Activity
Everything in the listing below has to be repeated exactly, except the pictures.

*** Supplied data Section Begins ***

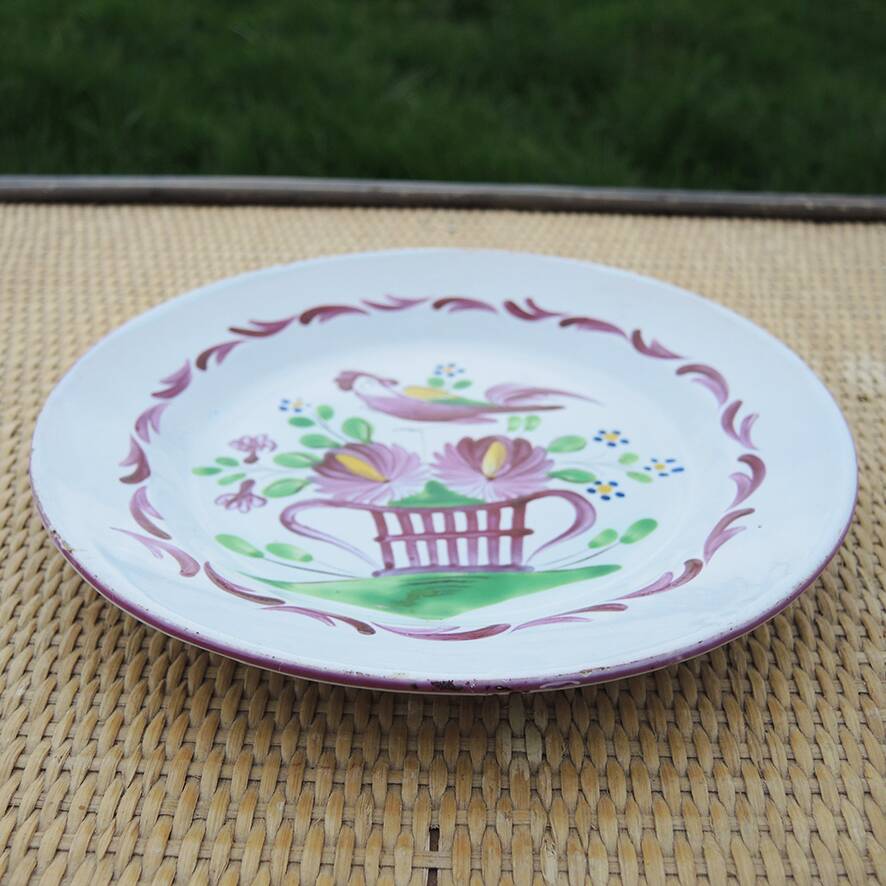 Old decorative plate K & G Lunéville rooster on basket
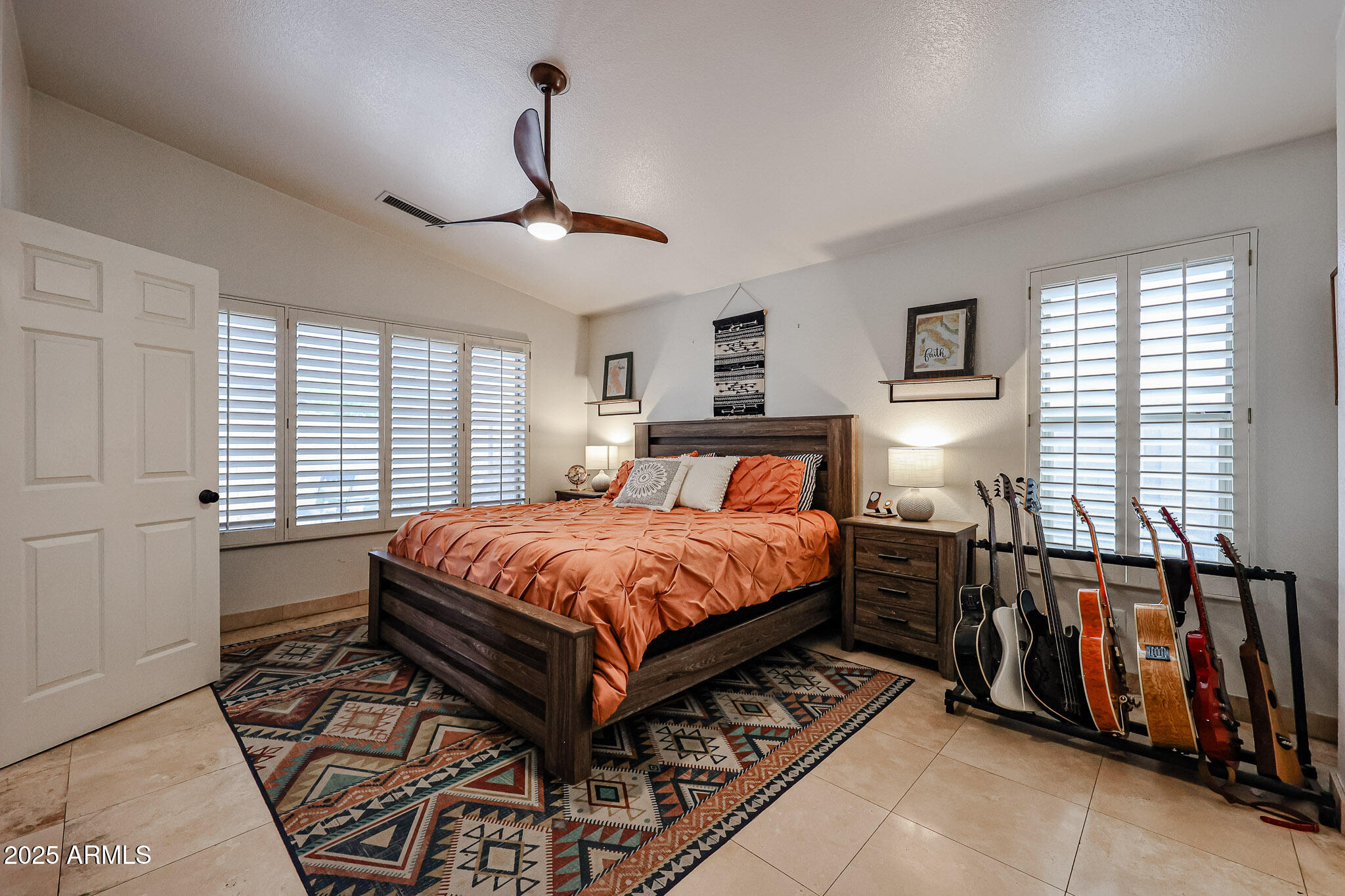 4010 E SIDEWINDER Court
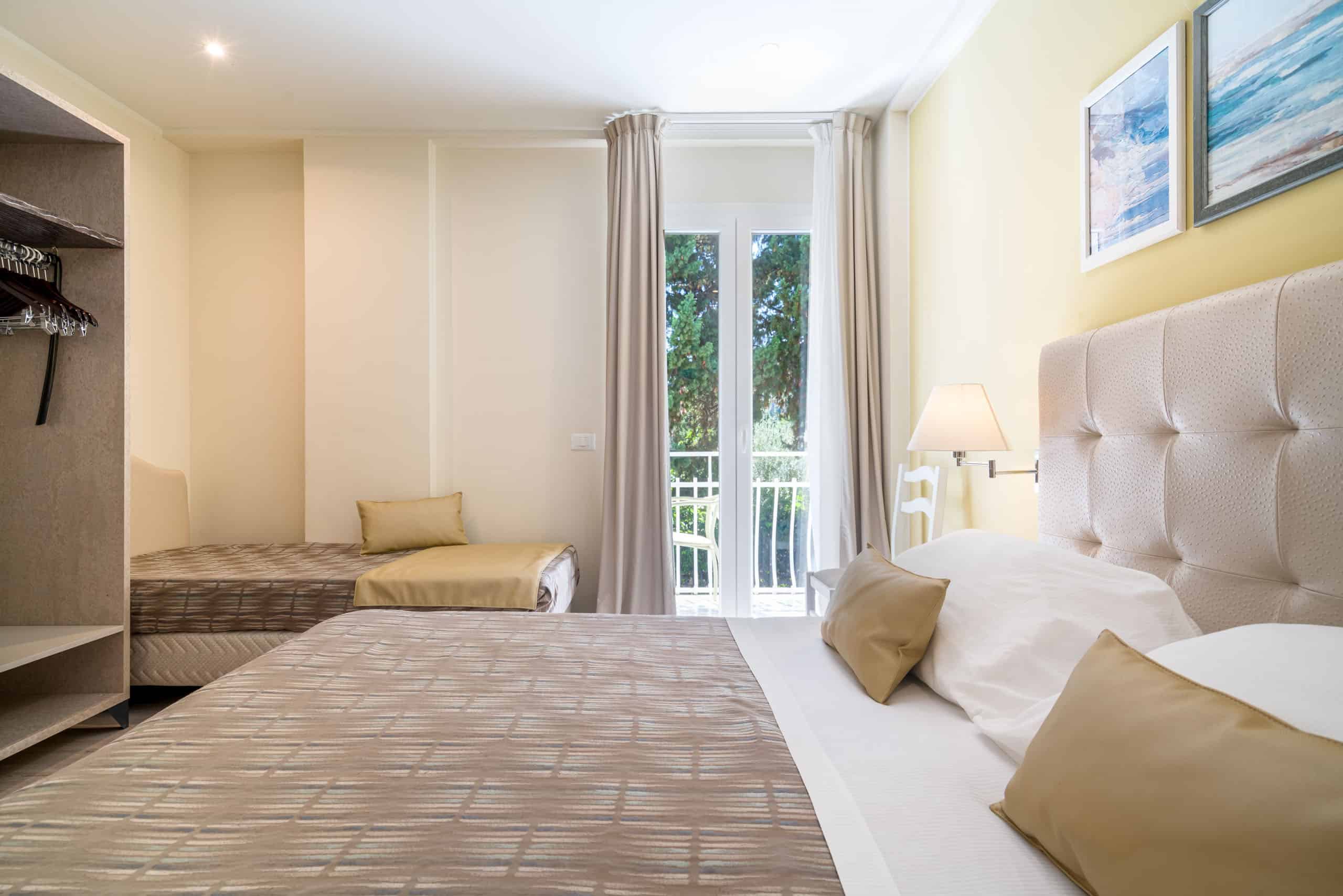 Double Comfort Balcony Side Sea View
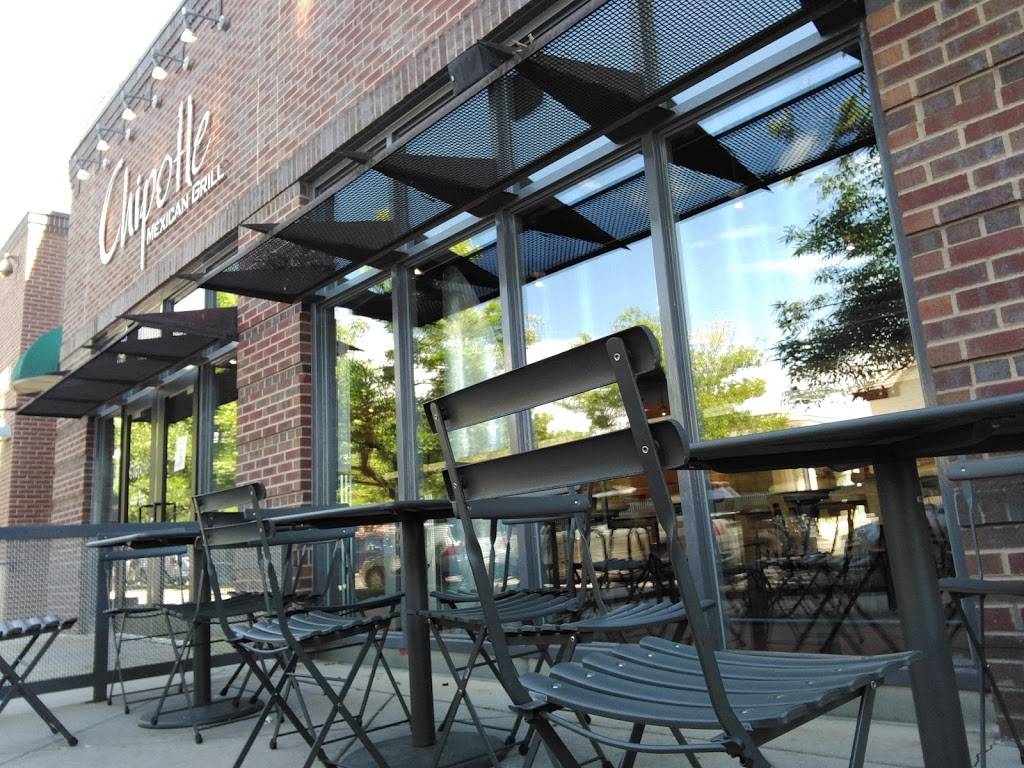 Chipotle Mexican Grill | restaurant | 140 Steele St, Denver, CO 80206, USA | 3033296466 OR +1 303-329-6466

*** Supplied data Section Ends ***

Answer section
 Old decorative plate K & G Lunéville rooster on basket
 4010 E SIDEWINDER Court
 Double Comfort Balcony Side Sea View
 Chipotle Mexican Grill | restaurant | 140 Steele St, Denver, CO 80206, USA | 3033296466 OR +1 303-329-6466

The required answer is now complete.